Sacramento Philatelic Society
- Founded: 1914
- Founder: Arthur W. Spanton
- Type: not-for-profit organization
- Focus: stamp collecting / philately
- Location: Sacramento, California;
- Origins: Sacramento Stamp Society
- Region served: the Sacramento Valley
- Method: meetings, stamp shows, newsletter, sales circuit, silent bid sales, & philatelic library
- Members: 250
- Key people: president: Ernie Teays
- Subsidiaries: chapter of the American Philatelic Society
- Revenue: membership dues
- Website: Sacramento Philatelic Society

= Sacramento Philatelic Society =

The Sacramento Philatelic Society is an organization serving stamp collectors in the Sacramento area of California.

==History==
The club was founded in 1914 by Mr. A. W. Spanton, who posted an advertisement in the newspaper and received responses from twelve philatelists who then formed the club, which they called the Sacramento Stamp Society. The early club meetings were held at the YMCA. Later on, meetings were held at churches, schools, and any location they could find. The club grew quickly, and in 1961 the Sacramento Stamp Society became incorporated as the Sacramento Philatelic Society, Inc.

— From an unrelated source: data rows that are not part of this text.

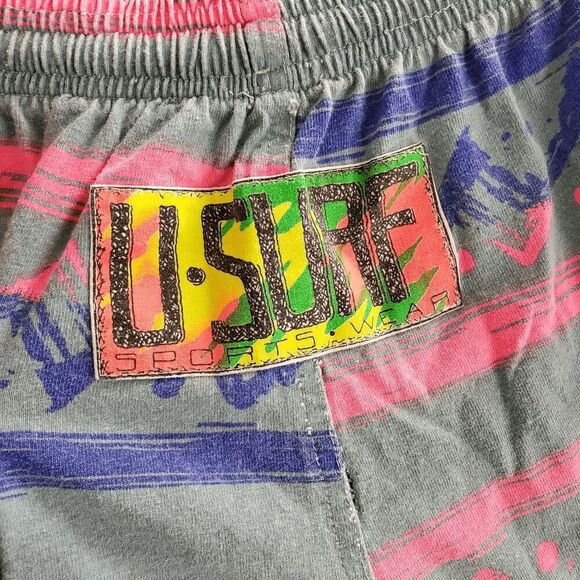 90's U-Surf Men's Neon Cotton Drawstring Elastic Waist 5" Shorts Large - Picture 3 of 8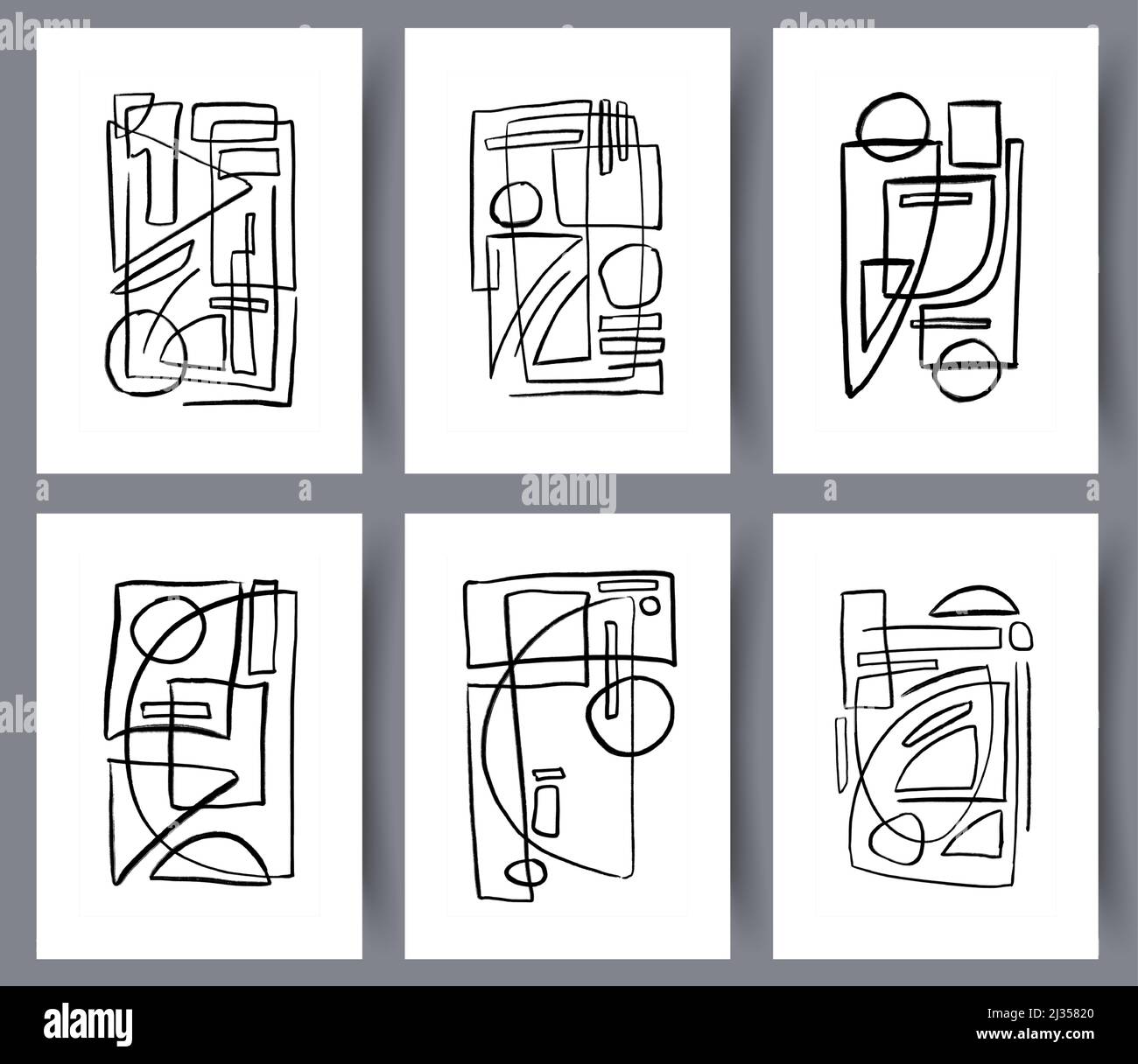 Scandinavian abstract vector print set Stock Vector Image & Art - Alamy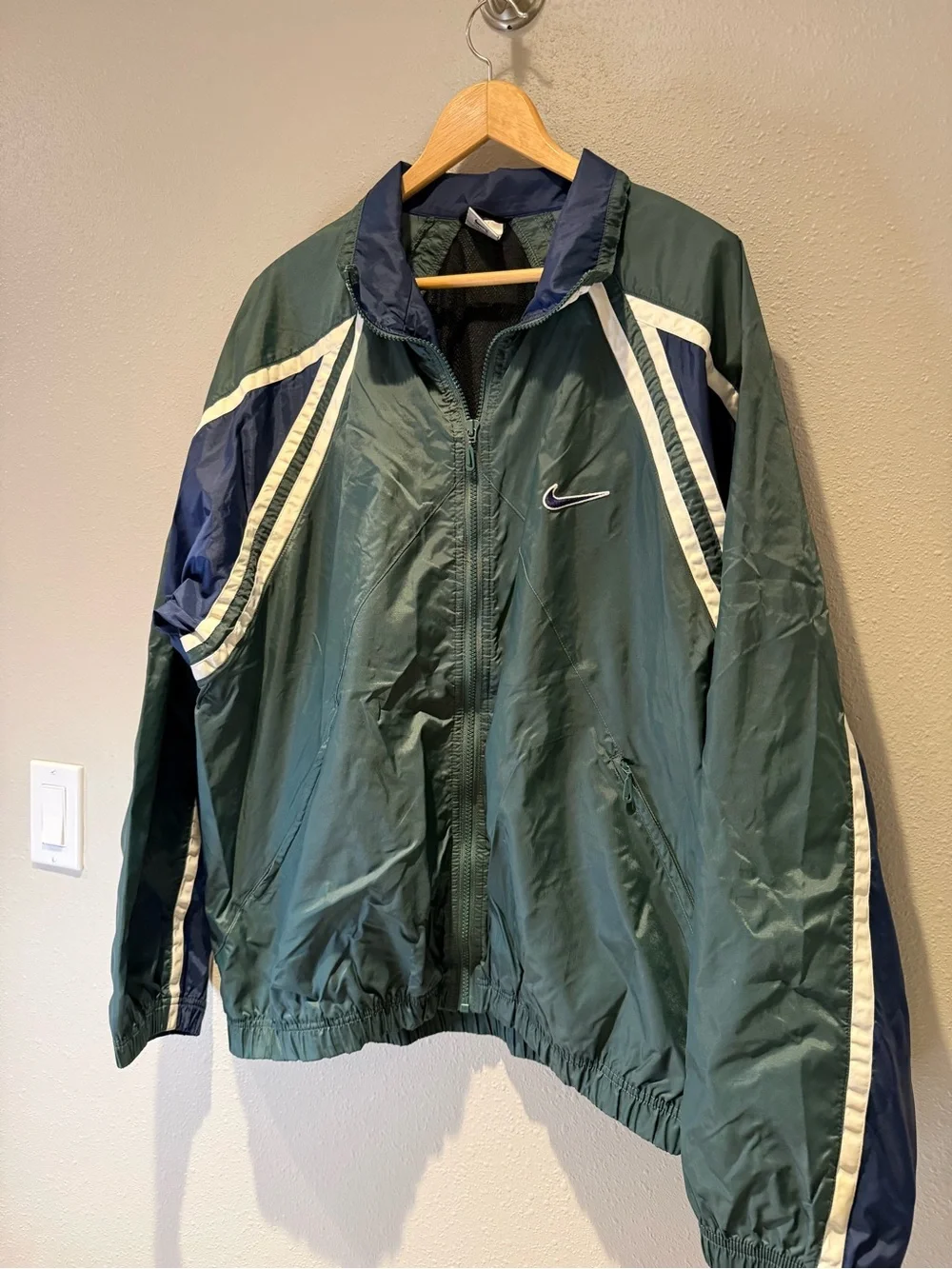 Vintage Nike Swoosh Full Zip Colorblock Windbreaker Jacket Size XL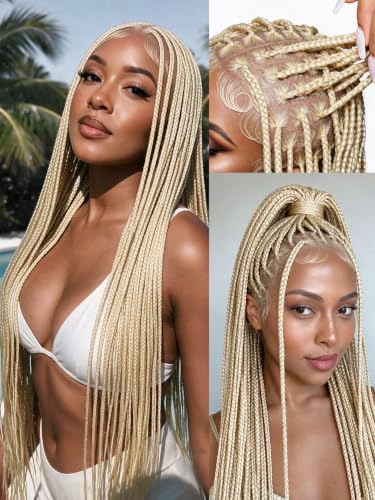 Frodio Full Lace Braided Wigs for Black Women 200% Density 30 Inch Blonde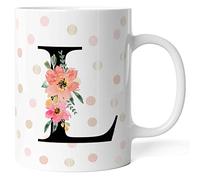Caribu design Tazza con lettera Alfabeto - Tutte le lettere dalla A alla Z - Idea regalo originale (L)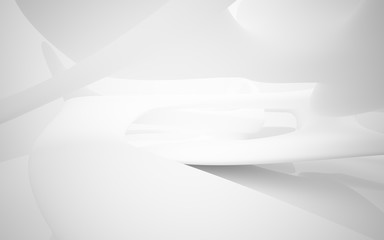 White smooth abstract architectural background whith gray lines . 3D illustration and rendering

The society publishes a bi-monthly newsletter, entitled The Philatelic Prospector.

==Location==
As of May 8, 2024, meetings are held at the Northminster Presbyterian Church, in Sacramento 95821, every Wednesday evening.

Meetings consist of club business, presentations, socialization, a sales circuit which is made available for attendees to shop at, and boxes of loose stamps which are made available for attendees to search through.

==Collection==
The Philatelic Society has approximately 1 million stamps, organized into 36 bins that they store as a group.

== SACAPEX==
The philatelic exhibition SACAPEX (Sacramento California Philatelic Exhibition) is sponsored by the society and is held annually.

==Organization==
The society operates by its set of by-laws. Elected officers are the president, vice president, treasurer, secretary, and members of the board of directors.